Scraped caption text data
──────

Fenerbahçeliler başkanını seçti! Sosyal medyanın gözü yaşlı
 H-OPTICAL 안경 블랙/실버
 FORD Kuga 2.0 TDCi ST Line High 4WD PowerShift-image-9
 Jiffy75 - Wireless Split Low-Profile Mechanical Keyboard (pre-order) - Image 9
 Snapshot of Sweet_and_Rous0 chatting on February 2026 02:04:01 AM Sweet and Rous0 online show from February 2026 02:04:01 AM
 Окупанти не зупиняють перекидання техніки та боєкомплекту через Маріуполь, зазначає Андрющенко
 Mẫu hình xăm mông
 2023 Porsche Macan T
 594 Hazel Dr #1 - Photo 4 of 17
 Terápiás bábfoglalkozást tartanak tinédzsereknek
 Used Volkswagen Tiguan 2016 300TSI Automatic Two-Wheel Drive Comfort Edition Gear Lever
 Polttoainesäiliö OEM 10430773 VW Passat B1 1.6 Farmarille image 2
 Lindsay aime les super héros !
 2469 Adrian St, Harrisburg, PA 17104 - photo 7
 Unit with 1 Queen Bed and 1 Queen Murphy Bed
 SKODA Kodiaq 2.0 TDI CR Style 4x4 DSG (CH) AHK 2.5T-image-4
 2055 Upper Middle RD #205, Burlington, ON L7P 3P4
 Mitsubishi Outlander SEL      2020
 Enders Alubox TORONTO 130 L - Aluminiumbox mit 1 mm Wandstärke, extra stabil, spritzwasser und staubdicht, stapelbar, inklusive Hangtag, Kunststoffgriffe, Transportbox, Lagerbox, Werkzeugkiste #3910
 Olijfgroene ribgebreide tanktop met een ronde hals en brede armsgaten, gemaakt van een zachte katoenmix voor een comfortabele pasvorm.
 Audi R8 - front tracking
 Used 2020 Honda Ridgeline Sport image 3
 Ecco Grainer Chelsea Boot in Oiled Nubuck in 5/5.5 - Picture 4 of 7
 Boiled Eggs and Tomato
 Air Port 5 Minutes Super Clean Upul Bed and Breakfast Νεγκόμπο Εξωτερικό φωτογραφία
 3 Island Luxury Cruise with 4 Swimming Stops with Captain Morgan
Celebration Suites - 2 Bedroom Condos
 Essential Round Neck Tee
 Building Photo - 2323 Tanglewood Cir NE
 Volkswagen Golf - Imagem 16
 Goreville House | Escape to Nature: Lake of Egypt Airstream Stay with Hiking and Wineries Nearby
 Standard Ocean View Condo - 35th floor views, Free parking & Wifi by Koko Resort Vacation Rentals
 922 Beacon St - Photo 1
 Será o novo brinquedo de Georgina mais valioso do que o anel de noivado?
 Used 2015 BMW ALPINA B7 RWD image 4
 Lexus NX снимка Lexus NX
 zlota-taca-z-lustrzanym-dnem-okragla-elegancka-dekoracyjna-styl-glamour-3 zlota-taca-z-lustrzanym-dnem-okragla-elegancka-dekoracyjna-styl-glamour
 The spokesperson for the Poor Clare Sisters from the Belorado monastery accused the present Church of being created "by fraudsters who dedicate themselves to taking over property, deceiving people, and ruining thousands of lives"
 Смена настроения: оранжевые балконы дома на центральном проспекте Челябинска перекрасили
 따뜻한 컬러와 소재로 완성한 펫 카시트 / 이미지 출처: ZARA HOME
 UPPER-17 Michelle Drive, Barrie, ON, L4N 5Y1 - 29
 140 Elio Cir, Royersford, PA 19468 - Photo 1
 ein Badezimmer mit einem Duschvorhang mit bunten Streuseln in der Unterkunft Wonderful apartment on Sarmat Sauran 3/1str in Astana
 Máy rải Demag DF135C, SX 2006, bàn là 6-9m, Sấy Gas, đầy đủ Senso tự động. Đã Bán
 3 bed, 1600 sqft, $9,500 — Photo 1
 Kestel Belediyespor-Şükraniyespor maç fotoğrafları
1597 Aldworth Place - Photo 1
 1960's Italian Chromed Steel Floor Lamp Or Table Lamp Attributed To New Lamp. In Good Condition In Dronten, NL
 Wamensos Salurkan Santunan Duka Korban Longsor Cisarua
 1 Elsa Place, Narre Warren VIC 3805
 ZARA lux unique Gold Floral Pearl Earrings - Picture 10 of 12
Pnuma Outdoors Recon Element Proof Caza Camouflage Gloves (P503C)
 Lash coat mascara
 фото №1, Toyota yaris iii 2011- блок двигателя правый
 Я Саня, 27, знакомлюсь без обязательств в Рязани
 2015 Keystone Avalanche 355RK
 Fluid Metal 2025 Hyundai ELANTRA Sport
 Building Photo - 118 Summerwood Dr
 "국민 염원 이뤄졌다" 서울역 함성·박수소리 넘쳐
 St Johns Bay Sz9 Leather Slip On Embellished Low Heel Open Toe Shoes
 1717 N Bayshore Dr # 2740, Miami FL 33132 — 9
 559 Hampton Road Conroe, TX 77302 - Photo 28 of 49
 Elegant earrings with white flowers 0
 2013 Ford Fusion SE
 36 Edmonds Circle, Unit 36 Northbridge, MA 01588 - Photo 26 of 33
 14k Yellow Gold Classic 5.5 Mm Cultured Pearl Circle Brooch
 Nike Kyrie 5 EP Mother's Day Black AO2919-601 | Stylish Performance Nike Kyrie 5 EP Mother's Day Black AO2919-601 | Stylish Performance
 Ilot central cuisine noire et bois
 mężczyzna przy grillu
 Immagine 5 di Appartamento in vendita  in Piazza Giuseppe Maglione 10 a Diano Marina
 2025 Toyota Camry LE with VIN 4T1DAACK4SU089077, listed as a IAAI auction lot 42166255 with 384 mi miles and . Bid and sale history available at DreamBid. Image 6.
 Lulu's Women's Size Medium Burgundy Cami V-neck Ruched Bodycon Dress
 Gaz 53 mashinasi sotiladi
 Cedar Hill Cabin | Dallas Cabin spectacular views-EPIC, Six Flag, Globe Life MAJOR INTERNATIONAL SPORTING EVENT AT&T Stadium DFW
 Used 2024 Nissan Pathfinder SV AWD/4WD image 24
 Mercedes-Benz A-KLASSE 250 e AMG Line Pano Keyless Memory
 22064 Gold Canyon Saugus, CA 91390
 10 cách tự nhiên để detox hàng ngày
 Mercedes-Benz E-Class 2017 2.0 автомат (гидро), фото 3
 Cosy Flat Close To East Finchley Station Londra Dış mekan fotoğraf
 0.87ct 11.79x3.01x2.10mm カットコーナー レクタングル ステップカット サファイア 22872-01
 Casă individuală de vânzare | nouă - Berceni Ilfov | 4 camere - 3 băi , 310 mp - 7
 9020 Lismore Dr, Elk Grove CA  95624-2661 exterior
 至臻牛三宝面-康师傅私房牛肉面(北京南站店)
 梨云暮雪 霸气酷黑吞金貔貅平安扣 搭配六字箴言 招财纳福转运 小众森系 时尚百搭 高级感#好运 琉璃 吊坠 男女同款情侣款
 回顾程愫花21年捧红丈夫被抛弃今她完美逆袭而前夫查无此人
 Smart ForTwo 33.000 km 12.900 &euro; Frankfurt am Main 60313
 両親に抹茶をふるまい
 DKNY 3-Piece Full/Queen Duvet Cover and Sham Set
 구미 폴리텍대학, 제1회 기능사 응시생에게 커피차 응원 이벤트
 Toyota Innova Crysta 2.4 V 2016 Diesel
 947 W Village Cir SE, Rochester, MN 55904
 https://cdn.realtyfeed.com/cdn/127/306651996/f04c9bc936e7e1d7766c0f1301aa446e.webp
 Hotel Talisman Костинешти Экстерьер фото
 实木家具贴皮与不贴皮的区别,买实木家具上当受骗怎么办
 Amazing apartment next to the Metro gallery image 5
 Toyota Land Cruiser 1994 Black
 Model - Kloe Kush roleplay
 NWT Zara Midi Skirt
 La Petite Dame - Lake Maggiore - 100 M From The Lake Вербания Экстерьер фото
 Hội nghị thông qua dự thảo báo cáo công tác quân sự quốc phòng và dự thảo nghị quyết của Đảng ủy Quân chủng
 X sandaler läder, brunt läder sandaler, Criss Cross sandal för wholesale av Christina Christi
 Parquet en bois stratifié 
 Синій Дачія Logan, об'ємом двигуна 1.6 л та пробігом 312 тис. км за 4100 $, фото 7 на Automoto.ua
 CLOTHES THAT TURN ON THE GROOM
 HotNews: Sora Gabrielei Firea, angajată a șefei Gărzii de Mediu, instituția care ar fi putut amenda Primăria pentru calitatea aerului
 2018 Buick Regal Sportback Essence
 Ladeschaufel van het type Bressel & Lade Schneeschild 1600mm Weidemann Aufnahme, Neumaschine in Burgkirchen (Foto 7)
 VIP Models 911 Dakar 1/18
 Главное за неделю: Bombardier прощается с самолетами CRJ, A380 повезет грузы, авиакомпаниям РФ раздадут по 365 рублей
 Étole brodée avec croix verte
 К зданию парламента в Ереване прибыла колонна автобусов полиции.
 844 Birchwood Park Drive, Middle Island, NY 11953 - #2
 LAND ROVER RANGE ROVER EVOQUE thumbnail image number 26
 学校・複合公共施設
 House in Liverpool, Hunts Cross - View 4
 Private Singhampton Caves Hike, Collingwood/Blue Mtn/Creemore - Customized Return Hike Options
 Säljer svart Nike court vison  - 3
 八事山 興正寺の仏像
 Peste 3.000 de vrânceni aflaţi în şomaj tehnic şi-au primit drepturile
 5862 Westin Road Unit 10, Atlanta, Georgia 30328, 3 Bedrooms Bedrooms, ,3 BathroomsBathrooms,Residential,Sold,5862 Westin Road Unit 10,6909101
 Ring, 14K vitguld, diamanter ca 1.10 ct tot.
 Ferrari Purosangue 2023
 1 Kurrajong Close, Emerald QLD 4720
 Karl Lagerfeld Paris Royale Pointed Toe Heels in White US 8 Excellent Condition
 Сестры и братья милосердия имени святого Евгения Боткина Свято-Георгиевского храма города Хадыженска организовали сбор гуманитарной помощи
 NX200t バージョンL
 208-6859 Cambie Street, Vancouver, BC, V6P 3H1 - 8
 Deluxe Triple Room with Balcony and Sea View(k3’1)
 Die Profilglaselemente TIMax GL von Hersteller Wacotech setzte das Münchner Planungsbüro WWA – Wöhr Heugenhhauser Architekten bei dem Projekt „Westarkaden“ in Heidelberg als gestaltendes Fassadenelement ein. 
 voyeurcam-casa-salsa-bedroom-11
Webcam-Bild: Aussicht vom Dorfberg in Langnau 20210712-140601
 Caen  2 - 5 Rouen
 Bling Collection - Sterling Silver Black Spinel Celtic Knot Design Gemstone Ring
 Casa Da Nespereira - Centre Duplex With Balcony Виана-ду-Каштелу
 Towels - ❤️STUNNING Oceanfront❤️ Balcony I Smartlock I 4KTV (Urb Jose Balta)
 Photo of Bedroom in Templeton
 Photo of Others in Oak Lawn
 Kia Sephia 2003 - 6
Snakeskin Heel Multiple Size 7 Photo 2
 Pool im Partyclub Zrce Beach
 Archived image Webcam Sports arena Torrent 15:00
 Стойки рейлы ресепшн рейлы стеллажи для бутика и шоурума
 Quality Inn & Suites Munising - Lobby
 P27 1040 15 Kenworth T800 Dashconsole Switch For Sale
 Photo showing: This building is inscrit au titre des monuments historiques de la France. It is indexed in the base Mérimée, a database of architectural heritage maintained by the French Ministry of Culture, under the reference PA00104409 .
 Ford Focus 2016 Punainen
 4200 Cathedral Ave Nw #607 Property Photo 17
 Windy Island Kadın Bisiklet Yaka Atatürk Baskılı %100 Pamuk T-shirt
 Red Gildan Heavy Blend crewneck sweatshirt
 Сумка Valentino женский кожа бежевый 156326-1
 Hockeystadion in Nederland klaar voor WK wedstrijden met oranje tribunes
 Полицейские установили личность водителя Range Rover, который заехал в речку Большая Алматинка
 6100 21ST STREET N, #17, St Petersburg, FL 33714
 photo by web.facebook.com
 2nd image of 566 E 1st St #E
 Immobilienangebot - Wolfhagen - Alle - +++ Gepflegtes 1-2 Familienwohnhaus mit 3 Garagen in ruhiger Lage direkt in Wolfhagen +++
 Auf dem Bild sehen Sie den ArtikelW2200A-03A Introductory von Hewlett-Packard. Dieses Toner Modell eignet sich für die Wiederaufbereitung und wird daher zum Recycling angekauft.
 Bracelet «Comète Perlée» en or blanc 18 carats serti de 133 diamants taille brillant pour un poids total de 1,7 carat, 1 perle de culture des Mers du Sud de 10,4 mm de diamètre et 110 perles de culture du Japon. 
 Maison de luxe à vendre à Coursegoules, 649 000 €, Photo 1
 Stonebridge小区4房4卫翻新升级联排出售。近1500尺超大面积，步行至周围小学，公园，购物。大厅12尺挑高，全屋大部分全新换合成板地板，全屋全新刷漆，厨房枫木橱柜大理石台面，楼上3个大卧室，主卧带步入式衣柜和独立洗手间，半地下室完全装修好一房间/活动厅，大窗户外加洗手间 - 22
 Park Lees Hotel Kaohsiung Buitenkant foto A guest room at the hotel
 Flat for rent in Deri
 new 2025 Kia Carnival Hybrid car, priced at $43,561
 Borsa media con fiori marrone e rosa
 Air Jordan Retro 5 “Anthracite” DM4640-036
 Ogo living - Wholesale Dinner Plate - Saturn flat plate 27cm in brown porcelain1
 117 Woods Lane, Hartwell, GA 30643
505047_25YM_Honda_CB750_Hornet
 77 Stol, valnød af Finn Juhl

──────

### EXERCISE
Only the lines above starting at the line that holds "4200 Cathedral Ave Nw #607 Property Photo 17" and ending at the line that holds "2nd image of 566 E 1st St #E" are to be repeated, exactly and in full.

### THE ANSWER
 4200 Cathedral Ave Nw #607 Property Photo 17
 Windy Island Kadın Bisiklet Yaka Atatürk Baskılı %100 Pamuk T-shirt
 Red Gildan Heavy Blend crewneck sweatshirt
 Сумка Valentino женский кожа бежевый 156326-1
 Hockeystadion in Nederland klaar voor WK wedstrijden met oranje tribunes
 Полицейские установили личность водителя Range Rover, который заехал в речку Большая Алматинка
 6100 21ST STREET N, #17, St Petersburg, FL 33714
 photo by web.facebook.com
 2nd image of 566 E 1st St #E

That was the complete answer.